Lake Huro is a coastal dune lake on Chatham Island, New Zealand, southwest of Te Whanga Lagoon and close to the settlement of Waitangi. Hosting many waterfowl and a population of New Zealand smelt, the shallow lake contains green and cloudy water, posing a potential toxic hazard due to its outflow through Mangapē Creek to the Nairn River and Waitangi.

== Description ==
Lake Huro is a coastal dune lake on Chatham Island, New Zealand, located on a strip of land between the Te Whanga Lagoon and the largest settlement on Chatham, Waitangi. It covers an area of around 598 ha, but with a maximum depth of only 0.3 m. Like nearby Lake Rangitai, Lake Huro was once an extension of the Te Whanga Lagoon.

The lake's sediment mostly consists of sand, with a crust of peat along its shores. The water is green and turbid, stained by the peat. The water visibility was measured in 2004 as just 0.1 m, although the growth of Myriophyllum (water milfoil) plants in the lake may have led to some increases. Mangapē Creek drains the lake, running through an area of farmland into the Nairn River (also known as Mangatukurewa Creek) south of Waitangi. The surrounding land is mainly used for livestock grazing, with animals such as sheep given direct access to the lake. A small number of residences are located within the lake's drainage basin. It has similar water characteristics to other coastal dune lakes on Chatham, especially the nearby Tennants Lake and Lake Rangitai.

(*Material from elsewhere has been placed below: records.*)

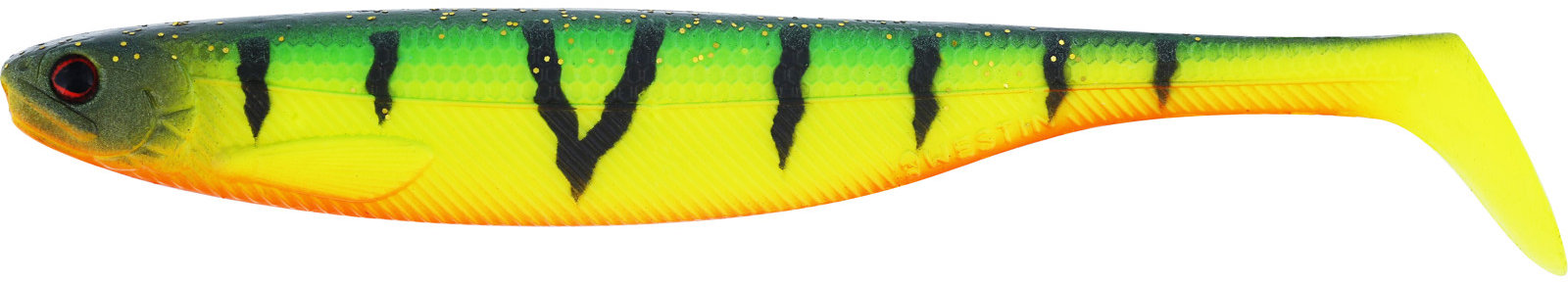 Westin Gumová nástraha Shadteez Slim 14 cm 17 g Tiger Perch 2 ks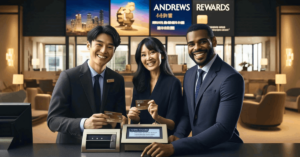 How to Apply for an Andrews Rewards Credit Card
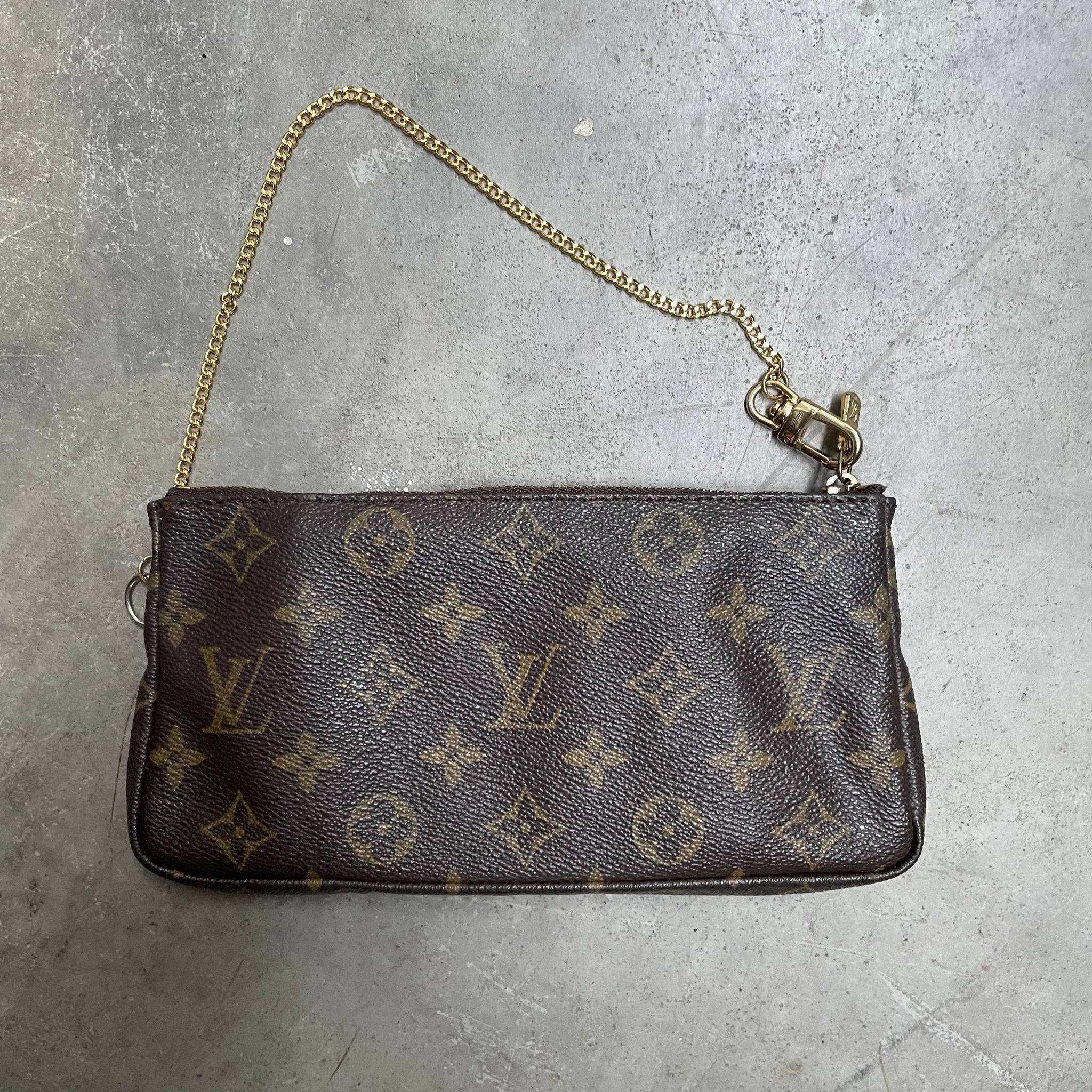 Louis Vuitton Monogram Rectangle Pochette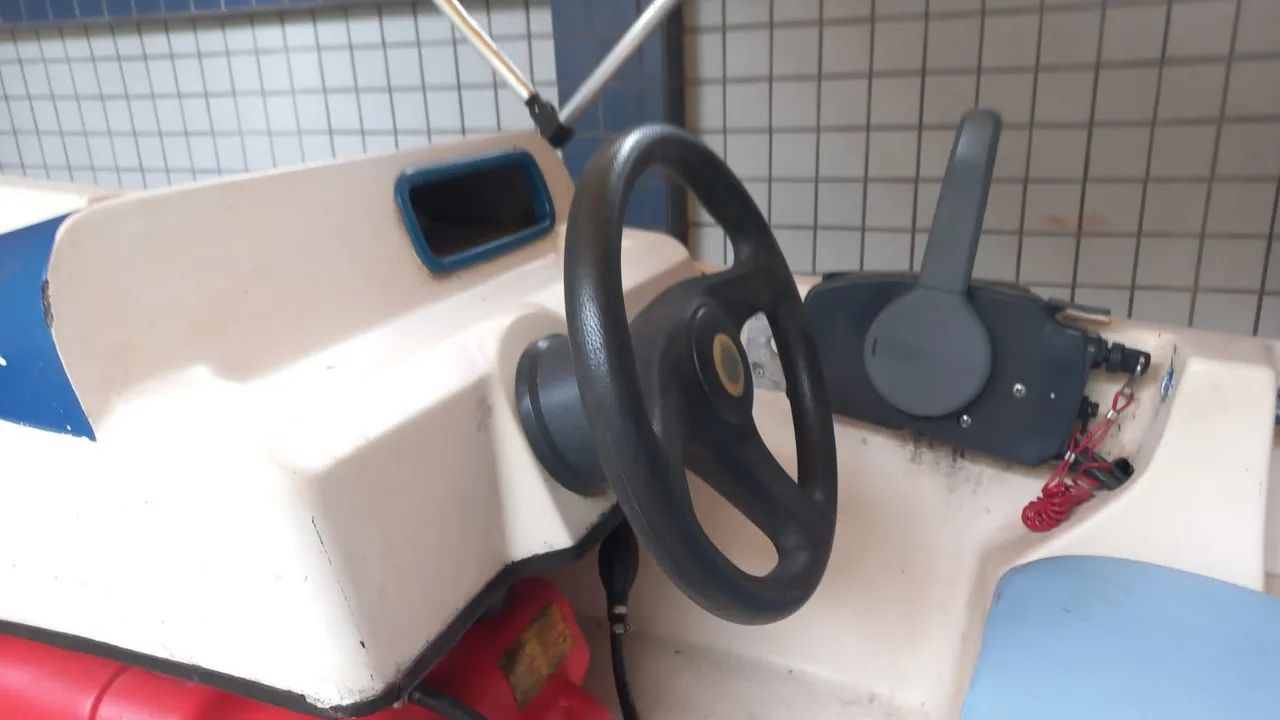 Barco com motor - Foto 3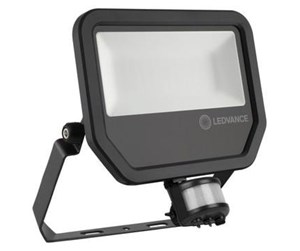 Lamper - LEDVANCE floodlight performance sensor 5500lm 50w 830 ip65 black - 4058075460997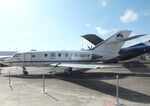 F-GBTM - Dassault Falcon 20GF meteorological research aircraft at the Aeroscopia, Blagnac (Toulouse)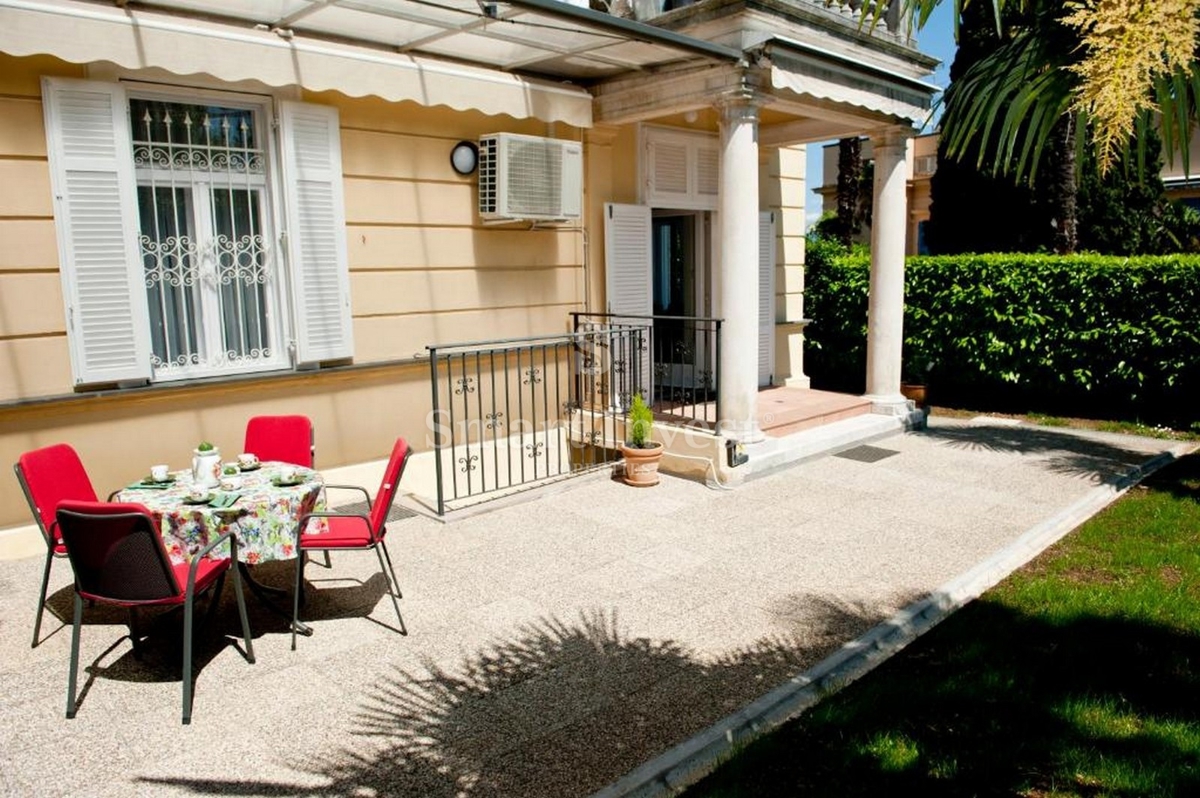 OPATIJA - CENTER, stanovanje z vrtom, IZKLJUČNO V NAŠI AGENCIJI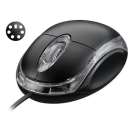 Mouse óptico preto multilaser - R$ 9,15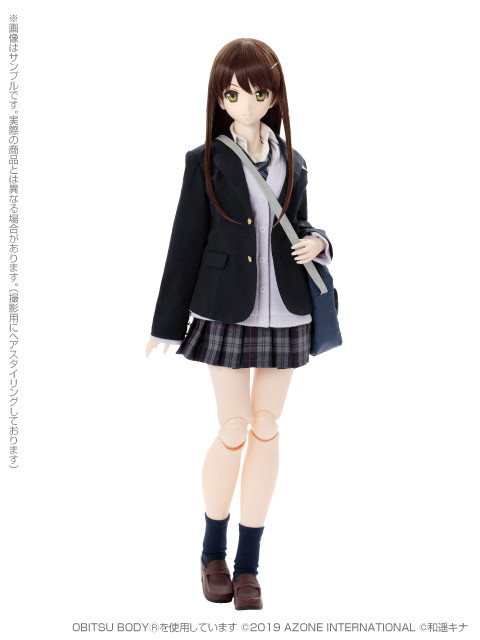 Yui (Kazuharu Kina Gakkou Seifuku Collection), Azone, Action/Dolls, 1/3, 4573199831008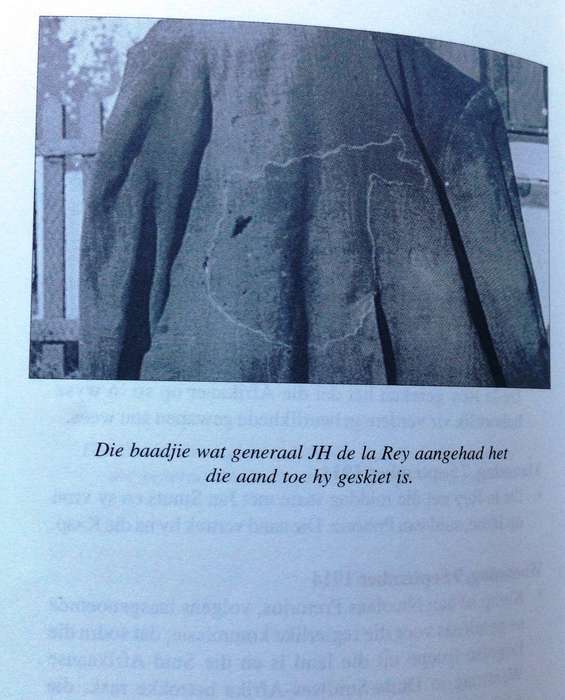 Die Ware Generaal - Koos De La Rey - deur Hennie De La Rey - Saamgestel deur Lappe Laubscher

The lake's water degraded during the early 2020s to hypertrophic, the lowest possible water quality level according to the New Zealand trophic level index. It has moderate levels of phosphorus and ammoniacal nitrogen, but severely high amounts of nitrogen and algae. Pollution from nearby residences and farms have likely contributed to the increase in nitrogen. In a 2022 survey, Huro was the only one of the island's lakes where chlorophyll a levels were not found to have increased. The shallow waters of Huro allow for wind to agitate nutrients in the lake's sediment, making them available for algae to consume. Shallow waters also decrease the volume of water in which nutrients can become diluted.

Lake Huro's poor water quality poses a risk to nearby settlements, as Mangapē Creek and Mangatukurewa Creek drain into a well-populated waterfront area in Waitangi. Potential blooms of toxic cyanobacteria could endanger nearby livestock, wildlife, shellfish, and local residents. The lake's shoreline is eroding.

=== Flora and fauna ===
Lake Huro hosts a significant population of waterfowl, such as the introduced black swans. It hosts a large population of the New Zealand smelt, alongside small numbers of redfin bullies (a species of goby). In 1949, smelt from the lake (alongside samples from nearby Tennants Lake and Lake Marakapia) were described as a separate species from New Zealand smelt, R. chathamensis; this was later synonymised with Retropinna retropinna, New Zealand smelt. Lake Huro seems to have a genetically distinct population of smelt compared to Lake Marakapia and Tennants Lake. A species of the algae Lamprothamnium grows in the lake.